I smiled and decided to push their minds a little further. Taking another sheet, I wrote:
x2 + 1 = 0
I drew the same parabola for f(x) = x2, but shifted it upward, then gestured. “See? The curve never touches the axis. That means, no solution.”
Gasps circled the group. One of the older scholars clutched the edge of the table as if the floor had tilted.
Then I wrote a second one:
x2 – 1 = 0
I sketched the parabola, crossing the axis at –1 and +1. “Two solutions,” I said, tapping the intersections.
They were amazed. It wasn’t just that I had given them answers; I had seen them solve something similar.
No, it was that the answers could be seen. A whole new way of thinking had opened before them.
They pressed closer, eyes bright with awe.
“Scholar,” one said reverently, “grant us your name, that we may honor the one who brought such wisdom.”
All of them nodded, eager, expectant.
I froze. My throat worked, but no sound came. Names have weight, and I wasn’t ready to start another “new saint” situation, remembering how Cleric Jaime introduced me to sergeant Edmund.
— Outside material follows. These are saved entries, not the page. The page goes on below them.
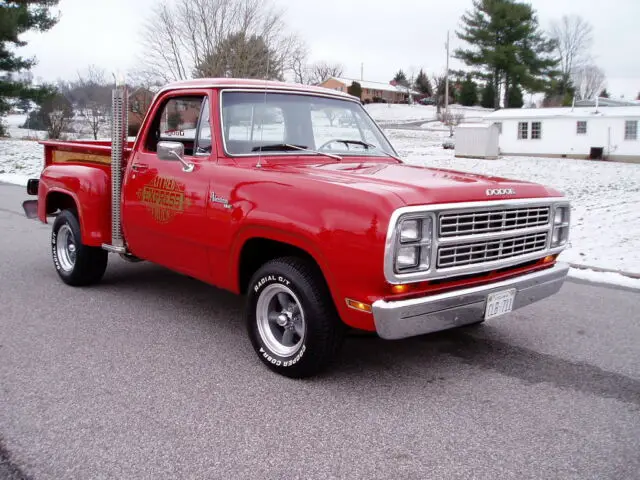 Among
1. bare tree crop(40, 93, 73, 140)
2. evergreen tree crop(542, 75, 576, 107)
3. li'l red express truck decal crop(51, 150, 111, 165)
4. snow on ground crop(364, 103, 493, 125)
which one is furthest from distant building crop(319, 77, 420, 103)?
li'l red express truck decal crop(51, 150, 111, 165)

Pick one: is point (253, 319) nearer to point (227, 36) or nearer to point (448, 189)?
point (448, 189)

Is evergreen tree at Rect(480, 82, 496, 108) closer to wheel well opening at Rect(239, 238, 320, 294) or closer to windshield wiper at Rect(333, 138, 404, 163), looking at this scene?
windshield wiper at Rect(333, 138, 404, 163)

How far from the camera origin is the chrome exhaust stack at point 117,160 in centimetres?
530

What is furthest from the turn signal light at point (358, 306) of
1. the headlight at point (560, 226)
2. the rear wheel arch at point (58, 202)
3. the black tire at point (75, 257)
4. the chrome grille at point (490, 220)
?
the rear wheel arch at point (58, 202)

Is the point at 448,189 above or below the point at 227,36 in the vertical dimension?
below

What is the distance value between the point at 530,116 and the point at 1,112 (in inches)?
1117

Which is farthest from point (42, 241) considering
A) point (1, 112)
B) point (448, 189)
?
point (1, 112)


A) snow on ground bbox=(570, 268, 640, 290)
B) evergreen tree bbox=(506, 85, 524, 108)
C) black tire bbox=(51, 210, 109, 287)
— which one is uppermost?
evergreen tree bbox=(506, 85, 524, 108)

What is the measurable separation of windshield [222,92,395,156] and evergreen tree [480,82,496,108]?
6560 centimetres

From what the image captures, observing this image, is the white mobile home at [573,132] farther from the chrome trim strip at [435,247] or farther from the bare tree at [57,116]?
the chrome trim strip at [435,247]

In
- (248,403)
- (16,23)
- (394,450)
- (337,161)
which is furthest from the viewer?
(16,23)

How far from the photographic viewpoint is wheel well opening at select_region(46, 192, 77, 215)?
6.24 m

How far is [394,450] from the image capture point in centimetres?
304

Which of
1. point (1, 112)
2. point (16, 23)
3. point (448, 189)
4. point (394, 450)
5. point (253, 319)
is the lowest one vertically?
point (394, 450) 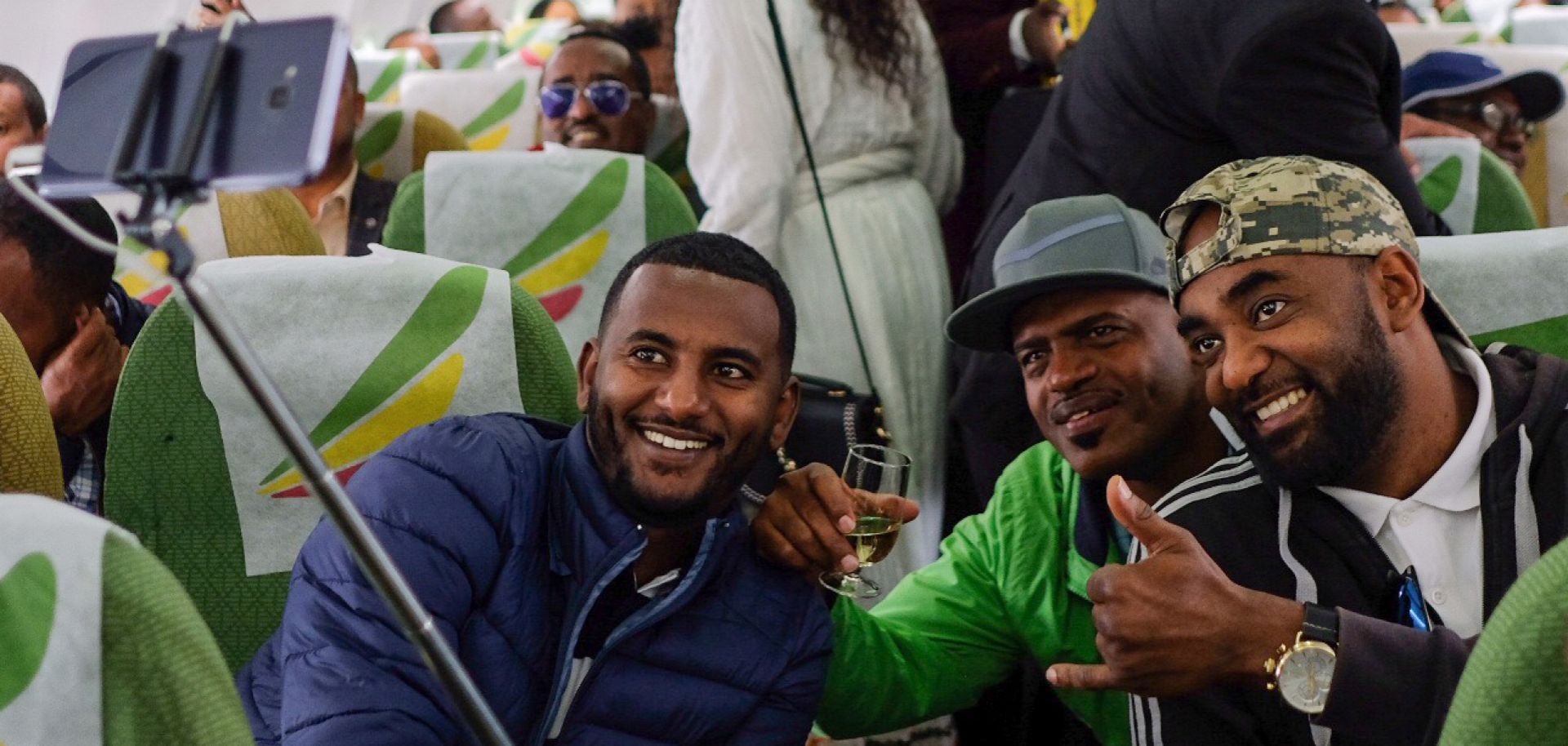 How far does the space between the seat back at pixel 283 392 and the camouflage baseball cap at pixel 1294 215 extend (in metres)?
0.86

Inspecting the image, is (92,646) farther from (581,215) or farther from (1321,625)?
(581,215)

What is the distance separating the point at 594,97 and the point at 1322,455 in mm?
2557

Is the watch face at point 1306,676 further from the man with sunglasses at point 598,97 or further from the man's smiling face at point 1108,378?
the man with sunglasses at point 598,97

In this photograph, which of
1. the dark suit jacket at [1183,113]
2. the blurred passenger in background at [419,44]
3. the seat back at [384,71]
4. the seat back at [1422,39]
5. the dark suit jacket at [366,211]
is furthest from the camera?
the blurred passenger in background at [419,44]

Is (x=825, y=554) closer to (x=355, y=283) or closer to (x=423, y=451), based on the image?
(x=423, y=451)

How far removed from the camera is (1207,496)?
1.80 m

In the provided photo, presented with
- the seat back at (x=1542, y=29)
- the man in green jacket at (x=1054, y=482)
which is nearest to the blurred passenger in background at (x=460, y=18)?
the seat back at (x=1542, y=29)

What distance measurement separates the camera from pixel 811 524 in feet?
6.07

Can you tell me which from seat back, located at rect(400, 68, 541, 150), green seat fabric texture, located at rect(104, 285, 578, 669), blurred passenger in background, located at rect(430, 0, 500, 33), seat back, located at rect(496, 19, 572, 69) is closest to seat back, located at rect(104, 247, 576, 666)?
green seat fabric texture, located at rect(104, 285, 578, 669)

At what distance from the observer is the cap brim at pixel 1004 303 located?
214 centimetres

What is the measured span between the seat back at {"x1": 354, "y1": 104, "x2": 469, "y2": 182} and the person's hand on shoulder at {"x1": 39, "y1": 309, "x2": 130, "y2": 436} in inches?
63.0

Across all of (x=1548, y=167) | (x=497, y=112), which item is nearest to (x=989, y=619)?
(x=1548, y=167)

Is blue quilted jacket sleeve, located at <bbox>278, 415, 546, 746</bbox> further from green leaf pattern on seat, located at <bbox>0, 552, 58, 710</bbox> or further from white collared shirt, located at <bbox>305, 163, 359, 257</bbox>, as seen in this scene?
white collared shirt, located at <bbox>305, 163, 359, 257</bbox>

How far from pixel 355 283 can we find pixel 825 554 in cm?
69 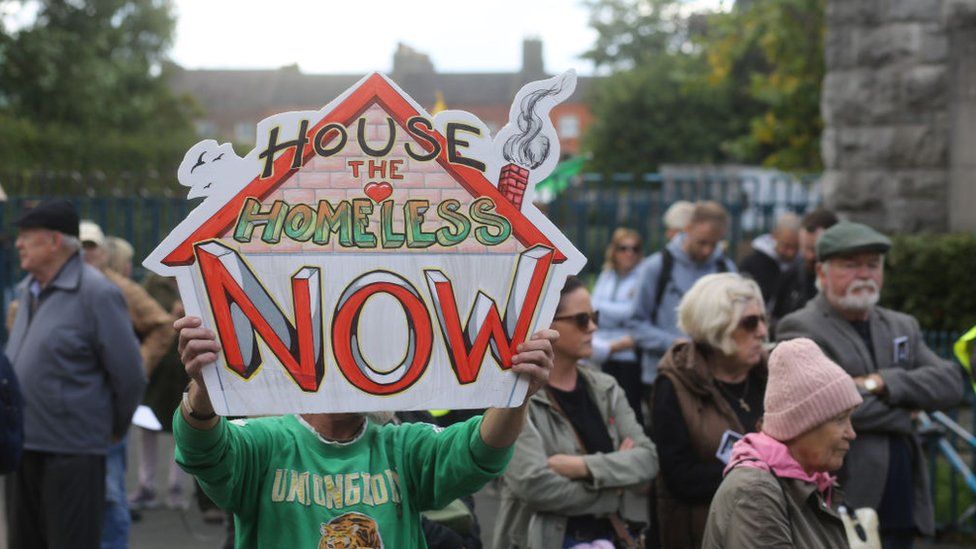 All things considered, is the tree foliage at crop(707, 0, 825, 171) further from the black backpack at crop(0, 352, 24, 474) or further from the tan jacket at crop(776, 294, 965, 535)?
the black backpack at crop(0, 352, 24, 474)

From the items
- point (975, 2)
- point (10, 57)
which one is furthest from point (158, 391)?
point (10, 57)

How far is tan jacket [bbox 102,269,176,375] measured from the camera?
770 centimetres

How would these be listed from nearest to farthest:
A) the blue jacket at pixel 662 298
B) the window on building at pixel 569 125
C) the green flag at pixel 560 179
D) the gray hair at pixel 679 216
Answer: the blue jacket at pixel 662 298, the gray hair at pixel 679 216, the green flag at pixel 560 179, the window on building at pixel 569 125

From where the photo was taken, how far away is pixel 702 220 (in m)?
7.48

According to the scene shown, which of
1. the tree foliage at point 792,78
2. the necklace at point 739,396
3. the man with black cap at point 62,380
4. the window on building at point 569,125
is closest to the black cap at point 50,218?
the man with black cap at point 62,380

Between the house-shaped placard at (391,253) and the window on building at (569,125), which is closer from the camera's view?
the house-shaped placard at (391,253)

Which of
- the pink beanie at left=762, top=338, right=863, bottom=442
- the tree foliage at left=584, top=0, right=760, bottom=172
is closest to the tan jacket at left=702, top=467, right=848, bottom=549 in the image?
the pink beanie at left=762, top=338, right=863, bottom=442

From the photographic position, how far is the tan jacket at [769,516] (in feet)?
11.3

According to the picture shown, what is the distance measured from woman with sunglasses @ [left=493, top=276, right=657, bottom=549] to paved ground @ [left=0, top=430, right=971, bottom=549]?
2.92 m

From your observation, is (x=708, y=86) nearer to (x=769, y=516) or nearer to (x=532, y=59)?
(x=769, y=516)

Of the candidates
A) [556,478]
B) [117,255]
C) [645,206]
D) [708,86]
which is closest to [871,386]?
[556,478]

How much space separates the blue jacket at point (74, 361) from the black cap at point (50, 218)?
0.50 ft

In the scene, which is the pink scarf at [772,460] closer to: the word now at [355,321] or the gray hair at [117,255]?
the word now at [355,321]

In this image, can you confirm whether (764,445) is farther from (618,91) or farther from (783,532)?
(618,91) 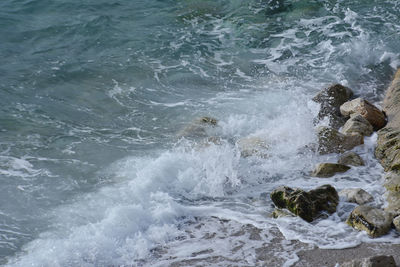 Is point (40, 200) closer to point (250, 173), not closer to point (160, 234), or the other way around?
point (160, 234)

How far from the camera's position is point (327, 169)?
754 cm

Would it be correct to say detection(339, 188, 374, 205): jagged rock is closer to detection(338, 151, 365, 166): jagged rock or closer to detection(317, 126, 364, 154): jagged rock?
detection(338, 151, 365, 166): jagged rock

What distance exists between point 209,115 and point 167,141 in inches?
42.3

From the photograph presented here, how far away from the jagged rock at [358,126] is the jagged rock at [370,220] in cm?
224

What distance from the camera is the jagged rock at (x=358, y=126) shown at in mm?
8359

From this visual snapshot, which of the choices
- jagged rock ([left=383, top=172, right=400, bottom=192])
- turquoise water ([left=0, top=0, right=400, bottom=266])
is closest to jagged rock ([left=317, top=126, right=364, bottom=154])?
turquoise water ([left=0, top=0, right=400, bottom=266])

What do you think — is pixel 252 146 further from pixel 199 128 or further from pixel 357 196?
pixel 357 196

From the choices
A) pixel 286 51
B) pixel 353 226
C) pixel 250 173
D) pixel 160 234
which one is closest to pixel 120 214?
pixel 160 234

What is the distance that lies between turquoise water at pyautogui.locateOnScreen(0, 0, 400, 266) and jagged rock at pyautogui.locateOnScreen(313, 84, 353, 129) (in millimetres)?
240

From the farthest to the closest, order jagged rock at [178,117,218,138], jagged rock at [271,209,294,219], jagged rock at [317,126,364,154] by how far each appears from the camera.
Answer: jagged rock at [178,117,218,138] → jagged rock at [317,126,364,154] → jagged rock at [271,209,294,219]

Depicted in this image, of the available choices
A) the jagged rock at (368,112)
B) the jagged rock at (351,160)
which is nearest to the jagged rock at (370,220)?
the jagged rock at (351,160)

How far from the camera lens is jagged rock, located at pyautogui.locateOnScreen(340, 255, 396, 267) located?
5172 mm

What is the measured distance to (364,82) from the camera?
10391mm

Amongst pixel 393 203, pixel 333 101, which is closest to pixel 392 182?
pixel 393 203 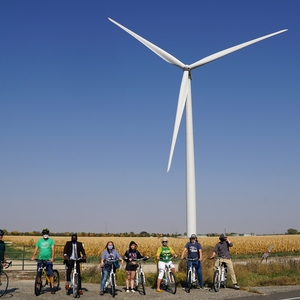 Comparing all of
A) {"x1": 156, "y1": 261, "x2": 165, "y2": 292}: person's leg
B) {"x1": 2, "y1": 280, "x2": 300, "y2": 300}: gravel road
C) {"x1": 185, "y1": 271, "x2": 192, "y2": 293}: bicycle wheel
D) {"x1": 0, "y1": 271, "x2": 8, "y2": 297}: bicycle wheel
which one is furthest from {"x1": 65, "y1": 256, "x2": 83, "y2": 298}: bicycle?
{"x1": 185, "y1": 271, "x2": 192, "y2": 293}: bicycle wheel

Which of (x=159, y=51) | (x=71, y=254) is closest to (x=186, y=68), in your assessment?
(x=159, y=51)

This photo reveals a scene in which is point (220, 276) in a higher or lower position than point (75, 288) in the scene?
higher

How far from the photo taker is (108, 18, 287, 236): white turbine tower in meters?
24.3

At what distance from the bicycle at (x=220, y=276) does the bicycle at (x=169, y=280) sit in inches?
50.0

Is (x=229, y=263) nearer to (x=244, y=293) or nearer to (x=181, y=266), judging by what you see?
(x=244, y=293)

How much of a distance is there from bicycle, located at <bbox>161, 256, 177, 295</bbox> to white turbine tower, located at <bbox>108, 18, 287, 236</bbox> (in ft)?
Answer: 32.8

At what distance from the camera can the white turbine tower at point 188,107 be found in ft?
79.8

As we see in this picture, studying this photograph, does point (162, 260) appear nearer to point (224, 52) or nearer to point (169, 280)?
point (169, 280)

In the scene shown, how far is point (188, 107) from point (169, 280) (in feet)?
47.1

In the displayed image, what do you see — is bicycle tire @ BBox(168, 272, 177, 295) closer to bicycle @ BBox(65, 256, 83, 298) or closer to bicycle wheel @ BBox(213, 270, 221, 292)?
bicycle wheel @ BBox(213, 270, 221, 292)

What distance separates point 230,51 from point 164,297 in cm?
2006

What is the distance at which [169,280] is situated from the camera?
1352 centimetres

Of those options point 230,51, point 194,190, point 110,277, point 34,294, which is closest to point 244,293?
point 110,277

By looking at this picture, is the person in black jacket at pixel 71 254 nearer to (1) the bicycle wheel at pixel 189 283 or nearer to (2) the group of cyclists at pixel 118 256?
(2) the group of cyclists at pixel 118 256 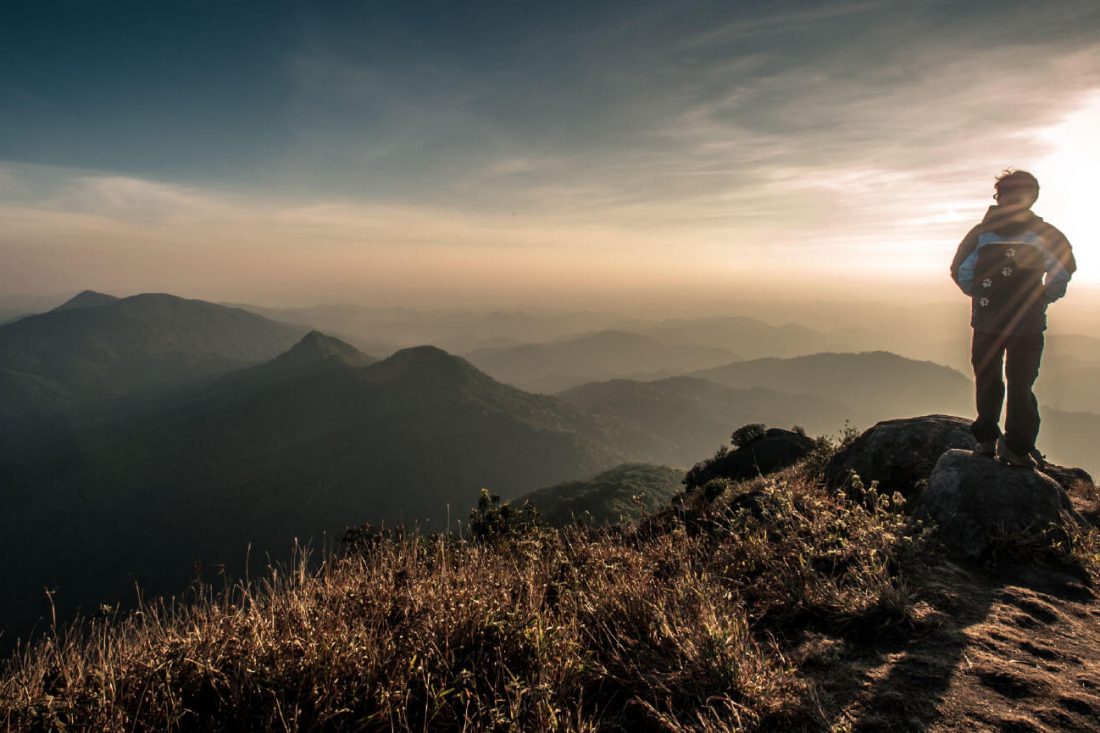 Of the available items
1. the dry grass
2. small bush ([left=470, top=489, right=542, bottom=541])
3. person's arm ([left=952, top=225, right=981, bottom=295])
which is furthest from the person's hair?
small bush ([left=470, top=489, right=542, bottom=541])

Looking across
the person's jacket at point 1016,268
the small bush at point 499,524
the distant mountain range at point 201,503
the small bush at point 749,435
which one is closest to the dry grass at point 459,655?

Then, like a gift from my own past self, the distraction arrived.
A mob of red, squat, echidna-shaped abominations waddled through the doorway, clicking their tongues and shrieking, “DO YOU KNOW THE WAY?”
The scholars groaned in unison.
“What are those pests!” called one scholar.
“Damned youth have no respect for scholars!” shouted another.
They immediately set about driving the creatures out with scrolls and inkpots, more annoyed than afraid.
I didn’t waste the chance.
With a thought, I shrank, my form compressing until my own hands became stubby, my face flat and round, my skin the same garish red. My voice rose to join the chorus:
“Do you know de wey?”
One of the scholars’ mouths gaped at how a knowledgeable person like myself dared to join in the mess of troublemakers. I didn’t care. I waddled with the rest, half-laughing at my own audacity, and vanished into the swarm, escaping without ever introducing myself.